Ami Warning klingt glaubhafter als viele ihrer popmusikalischen Zeitgenossinnen. Wer zuhört, merkt: Bei den Aufnahmen ging es nicht darum, wie es am coolsten klingt. Sondern darum, das Anliegen der Songs bestmöglich rüberzubringen. (Spoiler: Genau das macht es schließlich cool.) "Liebe ist laut" zum Beispiel, eine Zusammenarbeit mit Mola, thematisiert Beziehungen und ihr Ende – nicht weinerlich, sondern mit klarem Kopf, der eigenen Bedürfnisse bewusst und sich selbst wertschätzend. "War dabei" mit Rapper Fatoni erzählt von der (inneren) Versöhnung nach einer Trennung. "Rastlos" warnt davor, ständig neue Ziele zu verfolgen, ohne Pause zu machen, und "Meer will ich" zelebriert mit zartem Ton die Schönheit der Ruhe.
Amis Musik evoziert nachvollziehbare Gefühle und schafft Intimität mit ihren Zuhörern.

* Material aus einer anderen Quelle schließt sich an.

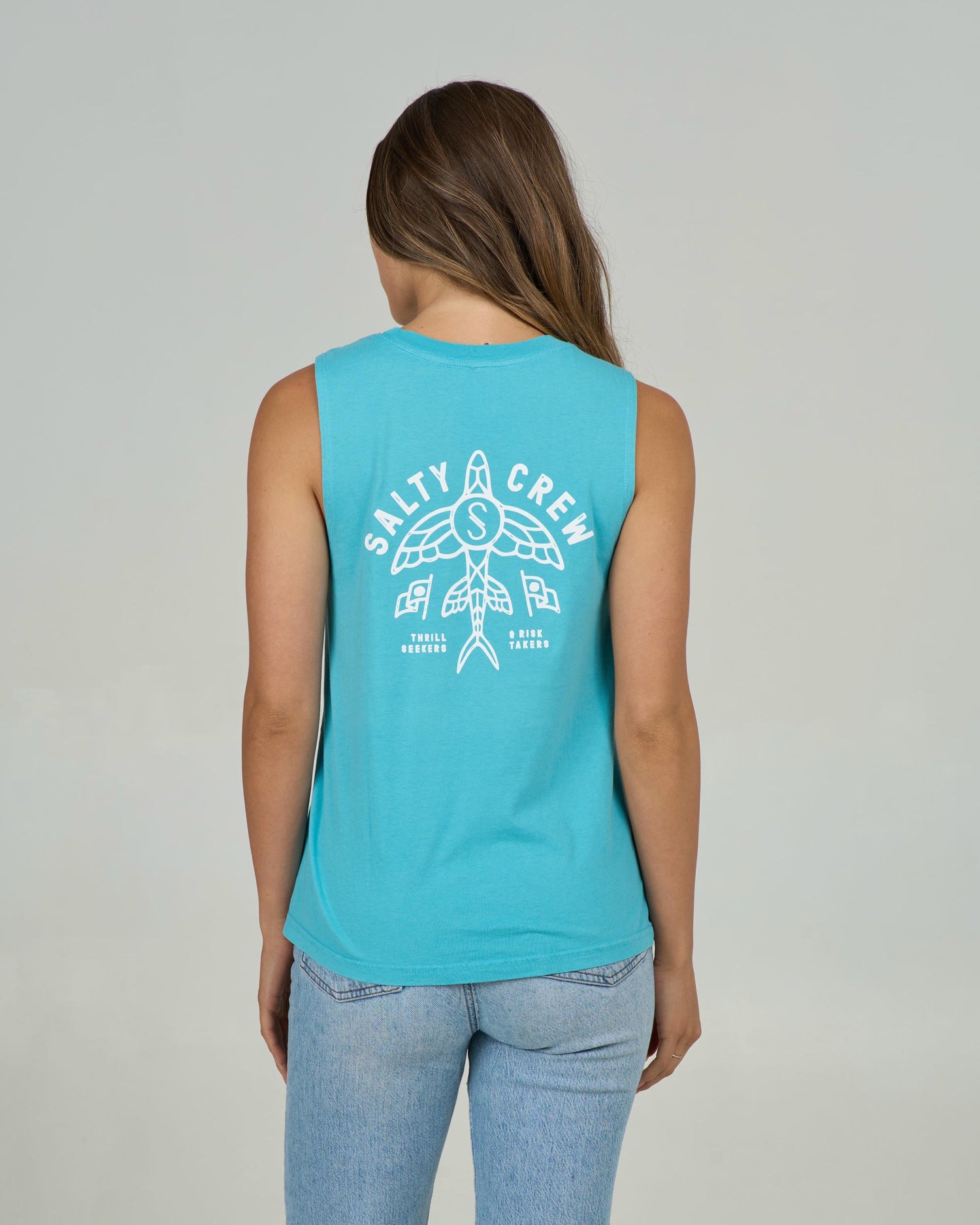 Flying High Muscle Tank - Turquoise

Ihr entspannter Sound mischt deutsche Singer-Songwriter-Vibes mit Hip-Hop-Beats, ihre raue, ungefilterte Stimme will nicht mehr sein, als sie ist, aber sie ist mehr als einfach Gesang, nämlich der direkte Weg zu ihren Gefühlen. Amis Authentizität und ihr für deutschsprachige Musik ungewohnt selbstverständlicher Flow liegt in ihren Wurzeln: Ihr Vater, ein Reggae-Musiker aus Aruba, hat sie musikalisch geprägt, gleichzeitig hat sie sich lange gesträubt, selbst einmal auf eine Bühne zu gehen. Rampensäue mögen gewisse Qualitäten haben, aber wer mit Respekt vor der Herausforderung auf einer Bühne steht, ist sympathischer – und schafft eine stärkere Verbindung.
"Auszeit" ist ein Zeugnis von Amis Reise zur eigenen Bestimmung und eine Hymne an die Entschleunigung, an das Hören auf die eigene Intuition und das Wiedererlangen von Stärke, nachdem sie verschwunden schien. Ein Album, mit dem Ami Warning Trost spendet wie ein weiser Freund, ein Soundtrack, der uns aus einem gestressten, überreizten Leben zurückbringt in den Moment und uns daran erinnert: In unserem Leben geht es zuallererst um uns selbst.
"Auszeit" von Ami Warning ist am 2. August 2024 bei Backseat erschienen.
Weitere Alben:
Joe Ely: Driven To Drive (Rack ’Em)
Why?: The Well I Fell Into (Waterlines)
Brigitte Calls Me Baby: The Future Is Our Way Out (ATO)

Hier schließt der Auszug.